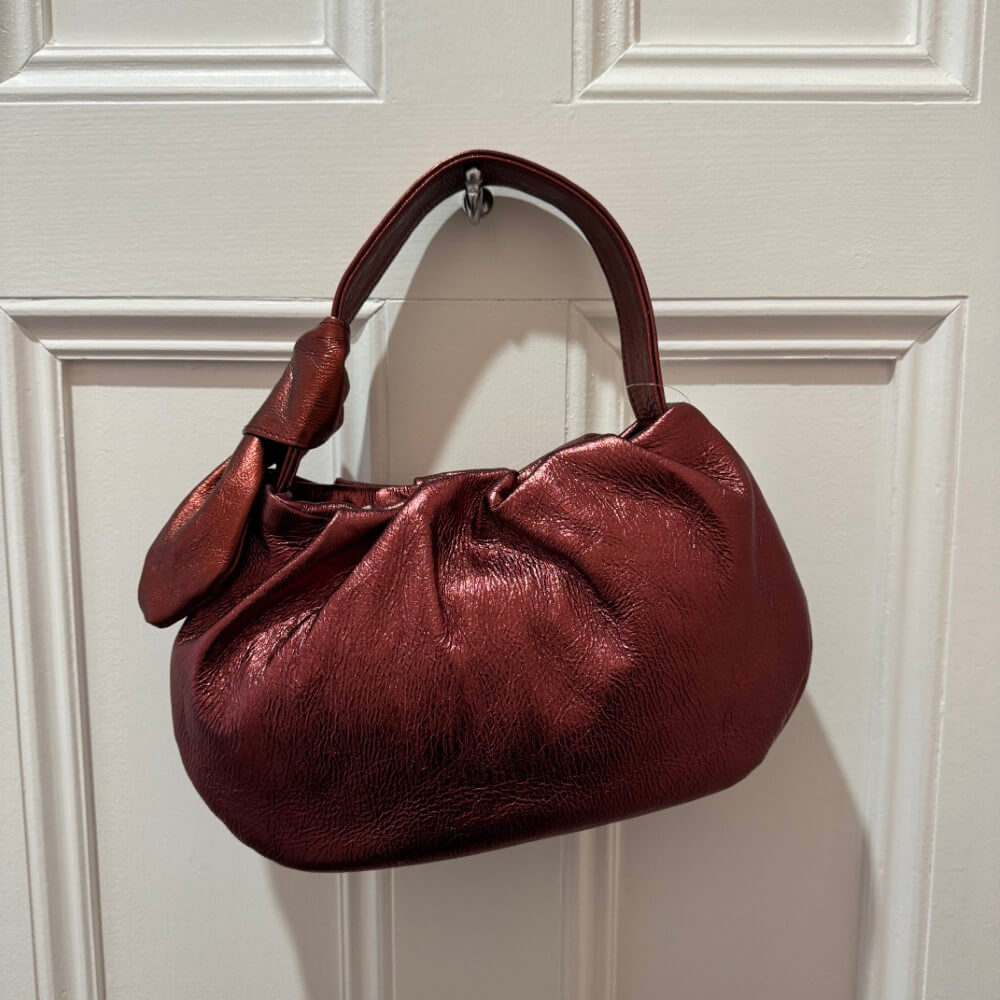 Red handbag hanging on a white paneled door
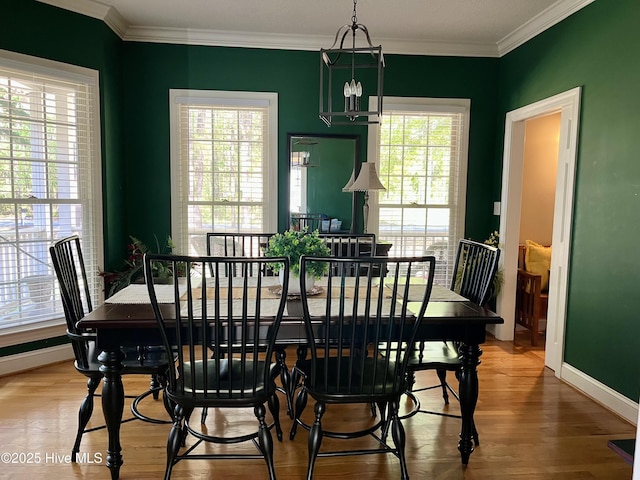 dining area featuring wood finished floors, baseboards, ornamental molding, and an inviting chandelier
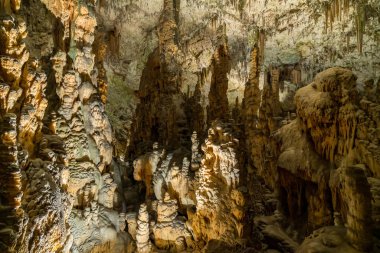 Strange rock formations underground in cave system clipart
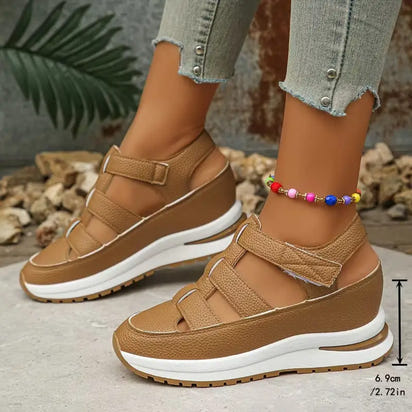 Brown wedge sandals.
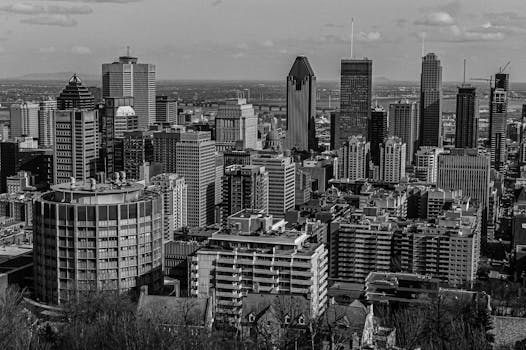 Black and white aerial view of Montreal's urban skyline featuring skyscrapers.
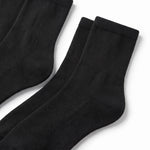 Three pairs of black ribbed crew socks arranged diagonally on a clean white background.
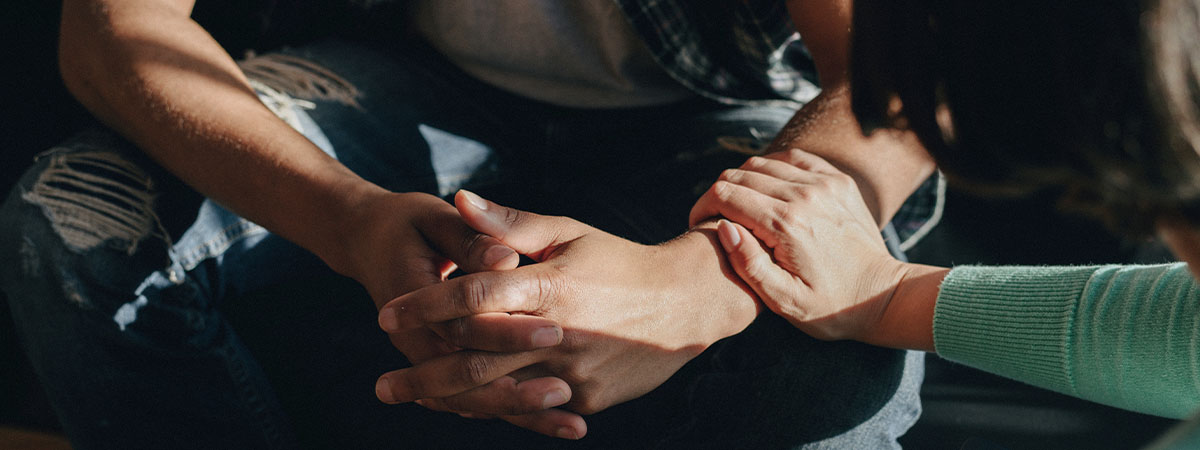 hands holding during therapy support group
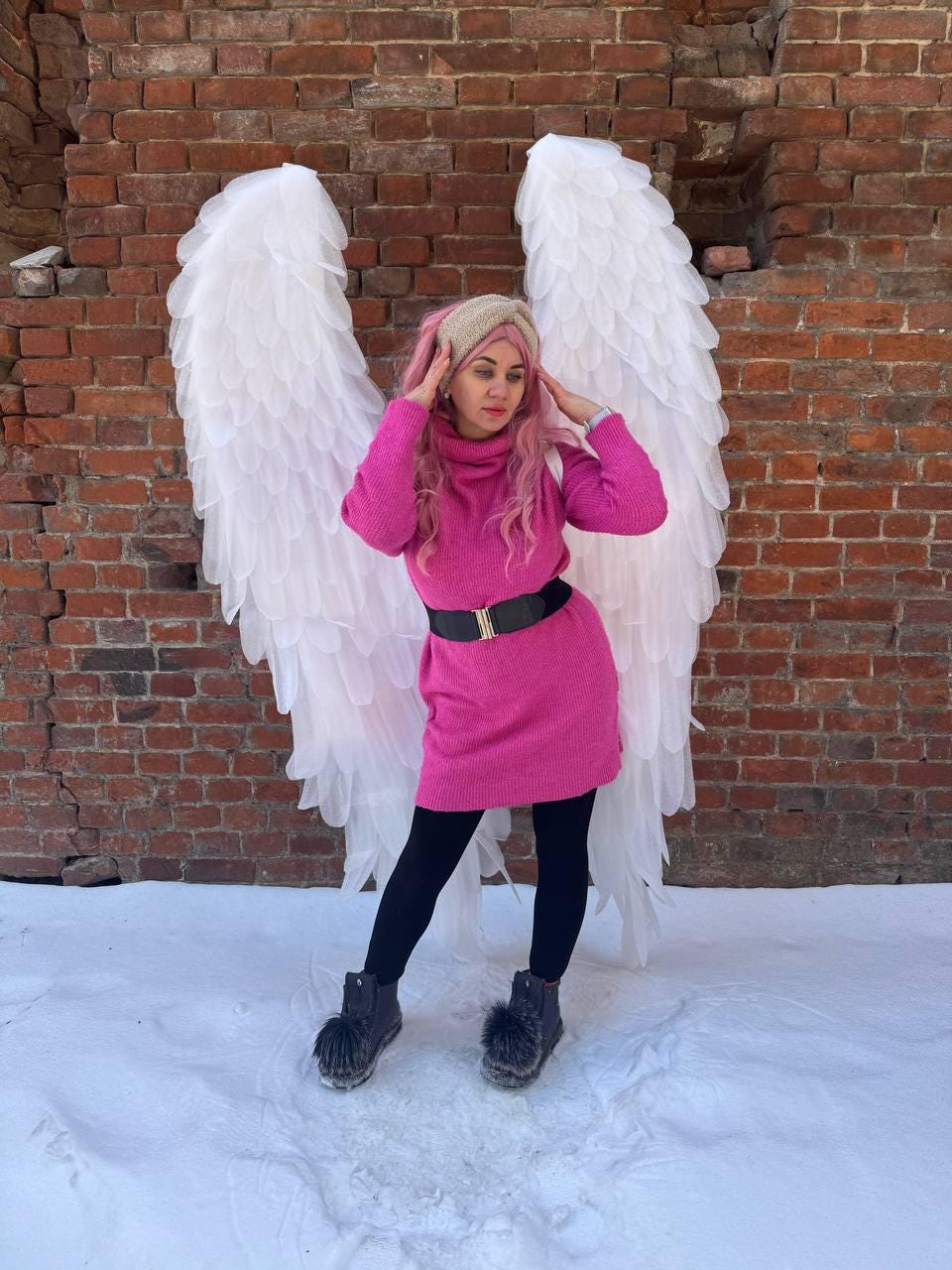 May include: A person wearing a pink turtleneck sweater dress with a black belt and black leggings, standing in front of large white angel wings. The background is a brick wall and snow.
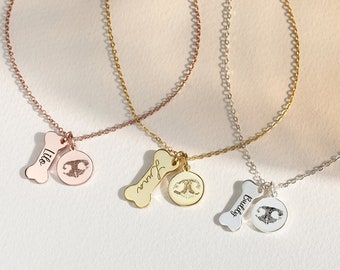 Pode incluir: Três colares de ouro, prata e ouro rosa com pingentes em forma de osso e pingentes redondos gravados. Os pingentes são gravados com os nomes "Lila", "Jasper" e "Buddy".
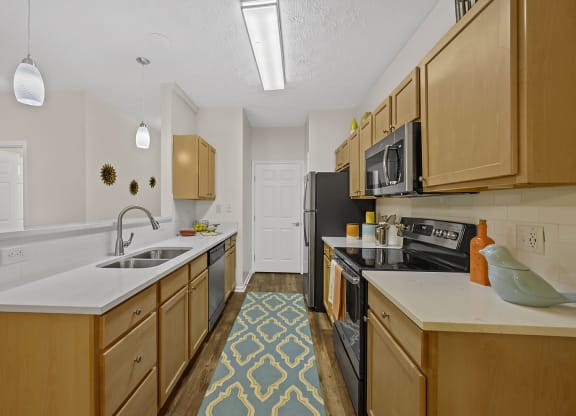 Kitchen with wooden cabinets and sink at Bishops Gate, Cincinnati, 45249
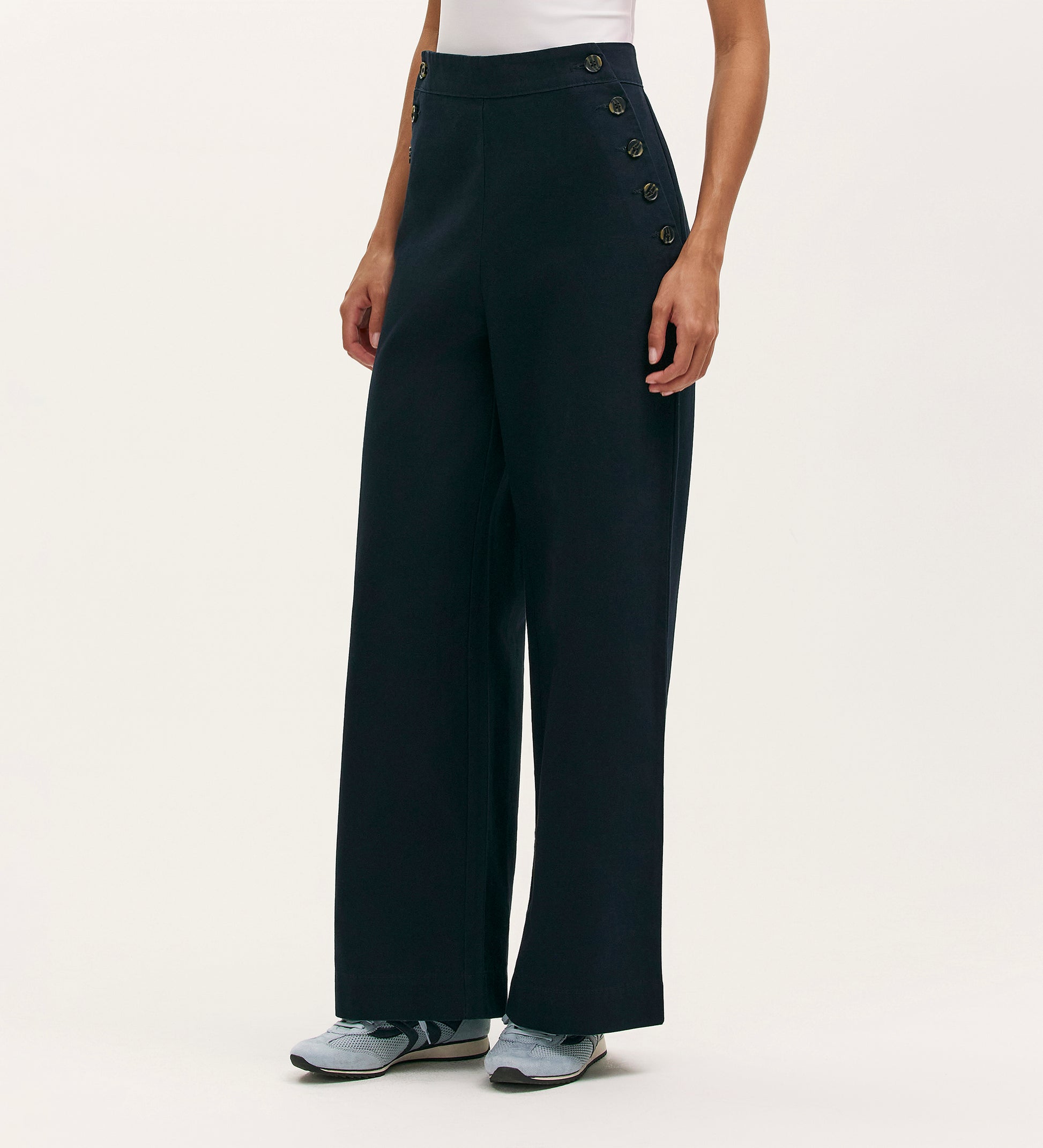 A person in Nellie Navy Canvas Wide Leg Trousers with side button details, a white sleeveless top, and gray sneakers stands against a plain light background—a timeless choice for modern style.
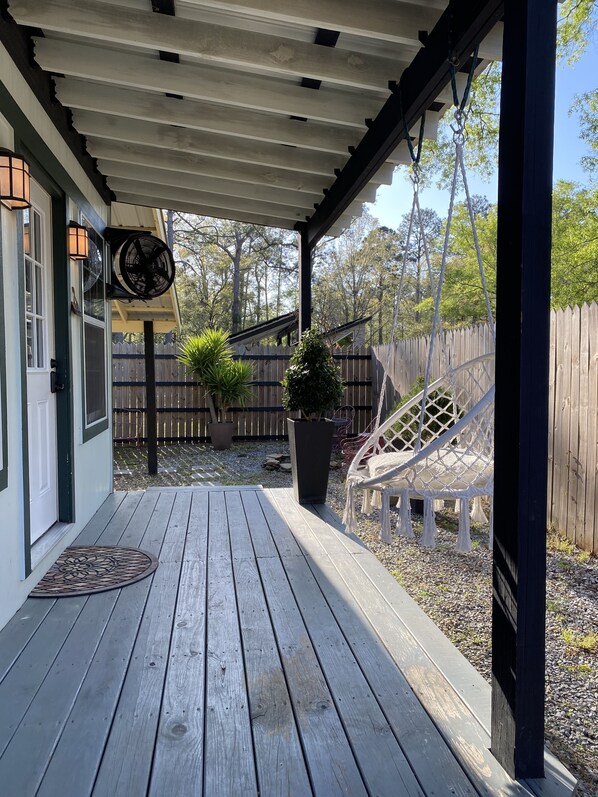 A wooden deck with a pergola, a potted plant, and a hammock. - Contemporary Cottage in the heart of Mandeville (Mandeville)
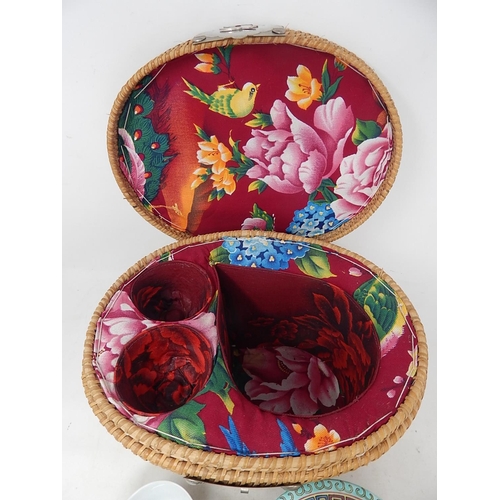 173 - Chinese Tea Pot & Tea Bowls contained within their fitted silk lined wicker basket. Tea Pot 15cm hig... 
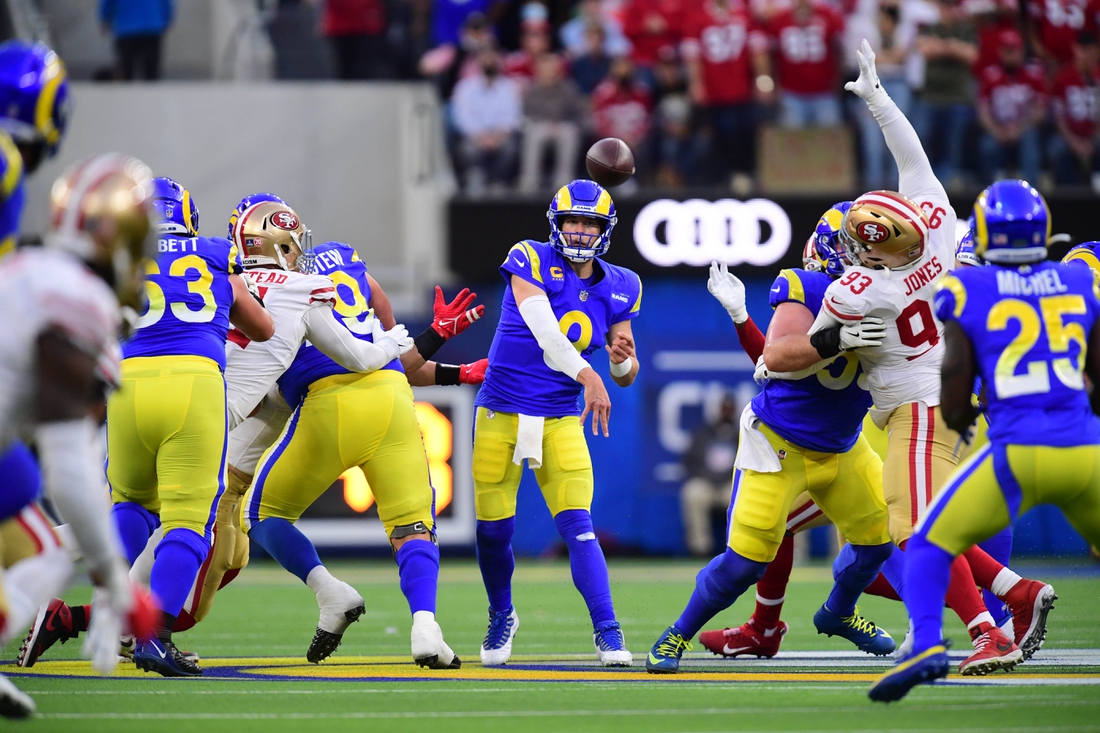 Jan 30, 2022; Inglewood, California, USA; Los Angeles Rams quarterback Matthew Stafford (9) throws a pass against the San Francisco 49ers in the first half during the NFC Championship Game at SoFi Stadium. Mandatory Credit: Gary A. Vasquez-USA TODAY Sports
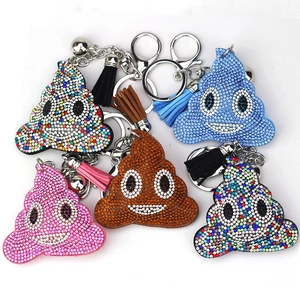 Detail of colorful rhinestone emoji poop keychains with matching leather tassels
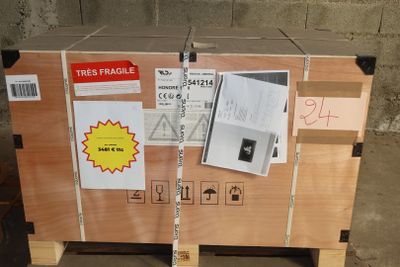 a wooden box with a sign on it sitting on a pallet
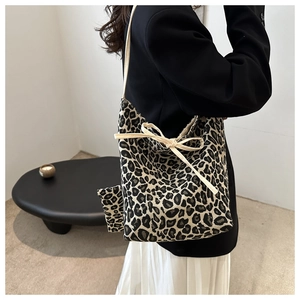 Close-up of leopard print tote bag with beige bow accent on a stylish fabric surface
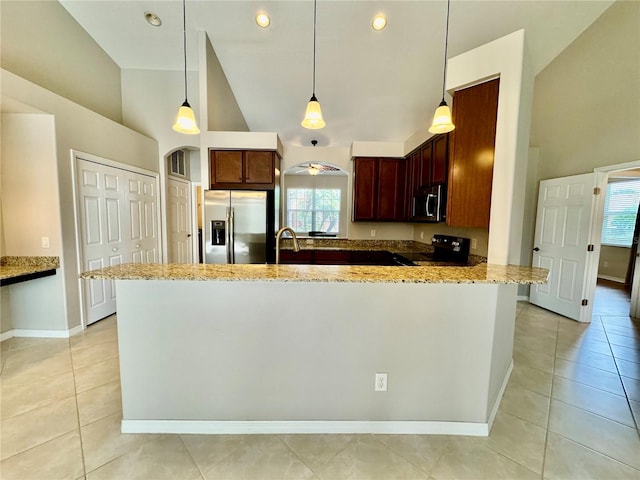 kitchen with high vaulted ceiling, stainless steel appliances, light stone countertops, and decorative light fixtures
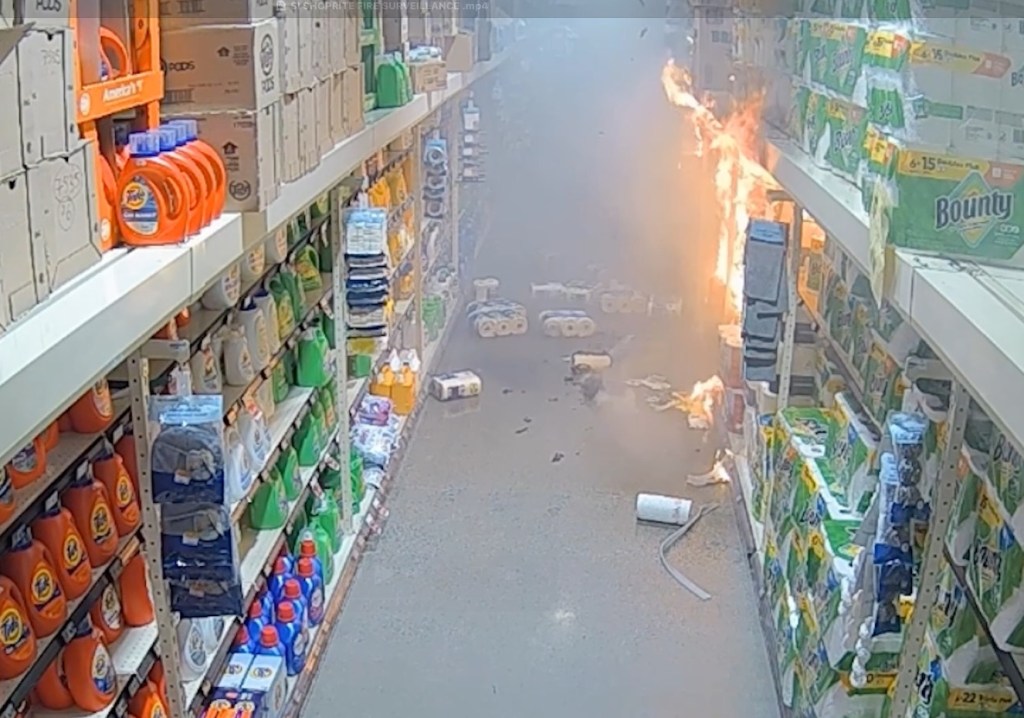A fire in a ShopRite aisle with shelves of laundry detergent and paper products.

━━━━

* Instructions for the task:
Exclude the pictures from the copy. Retype exactly the lines running from the one containing "Jan 30, 2022;" through the last line of the listing.

* Reply:
 Jan 30, 2022; Inglewood, California, USA; Los Angeles Rams quarterback Matthew Stafford (9) throws a pass against the San Francisco 49ers in the first half during the NFC Championship Game at SoFi Stadium. Mandatory Credit: Gary A. Vasquez-USA TODAY Sports
 Detail of colorful rhinestone emoji poop keychains with matching leather tassels
 a wooden box with a sign on it sitting on a pallet
 Close-up of leopard print tote bag with beige bow accent on a stylish fabric surface
 kitchen with high vaulted ceiling, stainless steel appliances, light stone countertops, and decorative light fixtures
A fire in a ShopRite aisle with shelves of laundry detergent and paper products.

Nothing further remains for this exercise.